That a long call with cash is equivalent to a long put with asset is one meaning of put-call parity.

Rearranging the terms another way gives us a second interpretation:
$D \cdot K - P = S - C$.
Now the left-hand side is a cash-secured put, that is, a short put and enough cash to give the put owner should they exercise it. The right-hand side is a covered call, which is a short call paired with the asset, where the asset stands ready to be called away by the call owner should they exercise it. At expiry, the previous scenario is flipped. Both sides now have payoff $\min(K, S)$ equal to either the strike price $K$ or the value $S$ of the asset, whichever is lower.

So we see that put-call parity can also be understood as the equivalence of a cash-secured (short) put and a covered (short) call.
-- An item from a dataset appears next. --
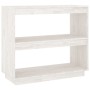 Regal aus massivem weißem Kiefernholz, 80 x 35 x 71 cm von vidaXL, Bücherregale und Regale - Ref: Foro24-810880, Preis: 49,03...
This may be surprising as selling a cash-secured put is typically seen as riskier than selling a covered call.

To make explicit the time-value of cash and the time-dependence of financial variables, the original put-call parity equation can be stated as:
$C(t) - P(t) = S(t)- K \cdot B(t,T)$
where
$C(t)$ is the value of the call at time $t$,
$P(t)$ is the value of the put of the same expiration date,
$S(t)$ is the spot price of the underlying asset,
$K$ is the strike price, and
$B(t,T)$ is the present value of a zero-coupon bond that matures to $1 at time $T$, that is, the discount factor for $K.$

Note that the right-hand side of the equation is also the price of buying a forward contract on the stock with delivery price $K$. Thus one way to read the equation is that a portfolio that is long a call and short a put is the same as being long a forward. In particular, if the underlying is not tradable but there exists forwards on it, we can replace the right-hand-side expression by the price of a forward.
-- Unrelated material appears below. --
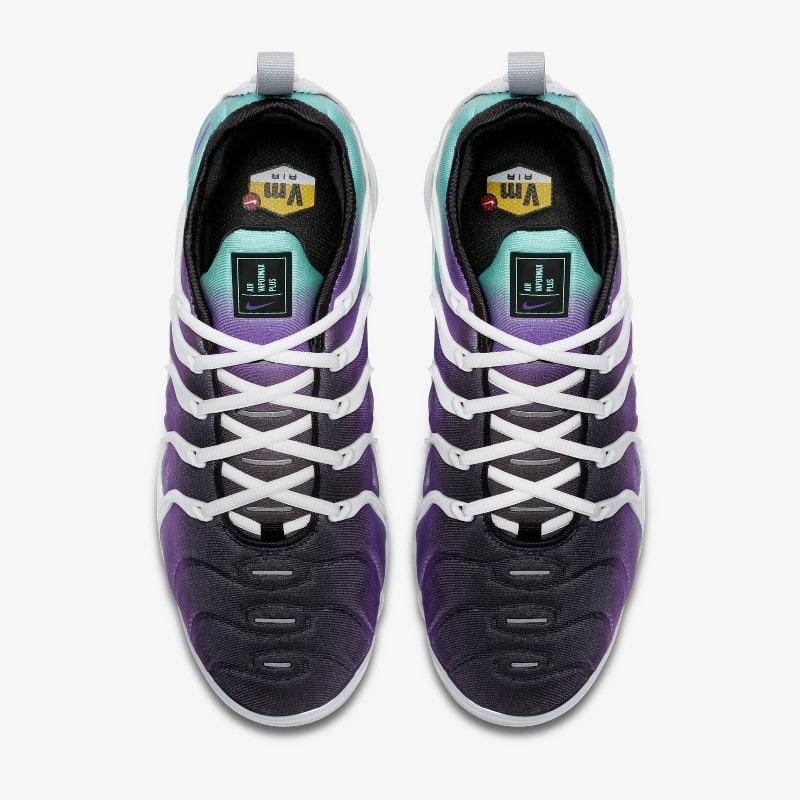 Purple black hot sale vapormax plus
If the bond interest rate, $r$, is assumed to be constant then
$B(t,T) = e^{-r(T-t)}$

Note: $r$ refers to the force of interest, which is approximately equal to the effective annual rate for small interest rates. However, one should take care with the approximation, especially with larger rates and larger time periods. To find $r$ exactly, use $r = \ln (1+i)$, where $i$ is the effective annual interest rate.

When valuing European options written on stocks with known dividends that will be paid out during the life of the option, the formula becomes:

$C(t) - P(t) + D(t) = S(t) - K \cdot B(t,T)$

where $D(t)$ represents the total value of the dividends from one stock share to be paid out over the remaining life of the options, discounted to present value.

We can rewrite the equation as:

$C(t) - P(t) = S(t) - K \cdot B(t,T)\ - D(t)$

and note that the right-hand side is the price of a forward contract on the stock with delivery price $K$, as before.

==Derivation==
We will suppose that the put and call options are on traded stocks, but the underlying can be any other tradeable asset. The ability to buy and sell the underlying is crucial to the "no arbitrage" argument below.

First, note that under the assumption that there are no arbitrage opportunities (the prices are arbitrage-free), two portfolios that always have the same payoff at time T must have the same value at any prior time. To prove this suppose that, at some time t before T, one portfolio were cheaper than the other. Then one could purchase (go long) the cheaper portfolio and sell (go short) the more expensive one. At time T, this long/short portfolio excluding cash would, for any value of the share price, have zero value (all the assets and liabilities have canceled out). The cash profit we made at time t is thus a riskless profit, but this violates our assumption of no arbitrage.

We will derive the put-call parity relation by creating two portfolios with the same payoffs (static replication) and invoking the above principle (rational pricing).

Consider a call option and a put option with the same strike K for expiry at the same date T on some stock S, which pays no dividend. We assume the existence of a bond that pays 1 dollar at maturity time T. The bond price may be random (like the stock) but must equal 1 at maturity.

Let the price of S be S(t) at time t. Now assemble a portfolio by buying a call option C and selling a put option P of the same maturity T and strike K. The payoff for this portfolio is S(T) - K. Now assemble a second portfolio by buying one share and borrowing K bonds. Note the payoff of the latter portfolio is also S(T) - K at time T, since our share bought for S(t) will be worth S(T) and the borrowed bonds will be worth K.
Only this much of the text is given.